Return only the lines below starting at the line containing "Three-quarter view of" and ending at the line containing "Elegant groom in", both included, exactly as they are and with no pictures.

**TASK INPUTS**

Segment Open

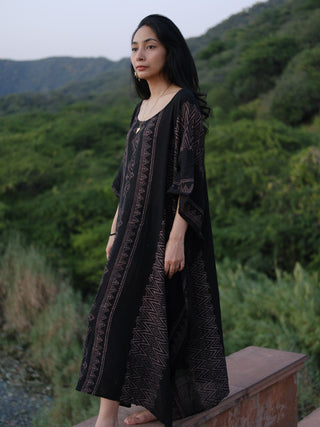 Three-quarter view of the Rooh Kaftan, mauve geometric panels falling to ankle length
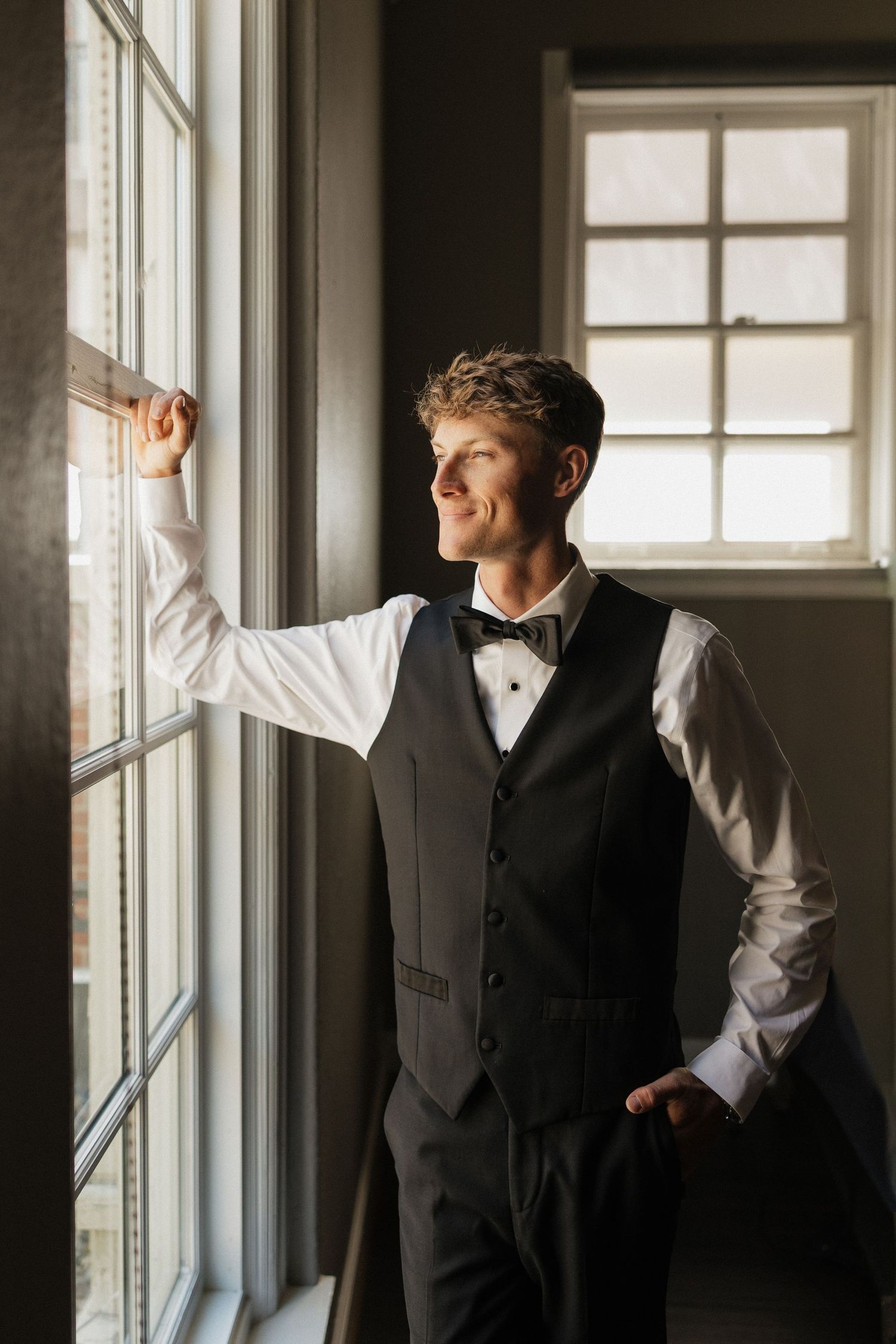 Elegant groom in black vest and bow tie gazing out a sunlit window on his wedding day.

Segment Closed
Segment Open

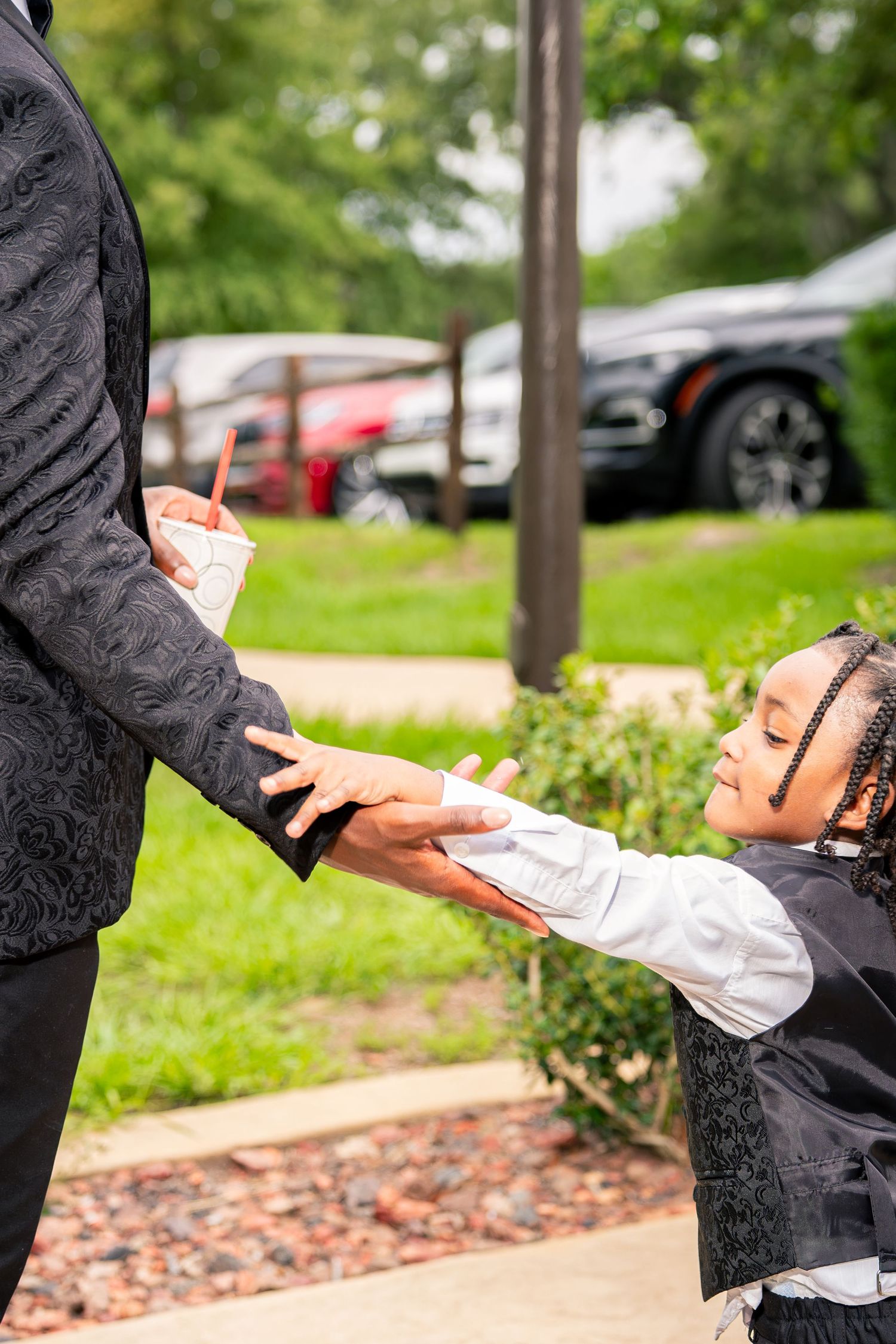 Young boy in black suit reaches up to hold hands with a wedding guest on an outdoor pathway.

Segment Closed

**EXERCISE SOLUTION**
 Three-quarter view of the Rooh Kaftan, mauve geometric panels falling to ankle length
 Elegant groom in black vest and bow tie gazing out a sunlit window on his wedding day.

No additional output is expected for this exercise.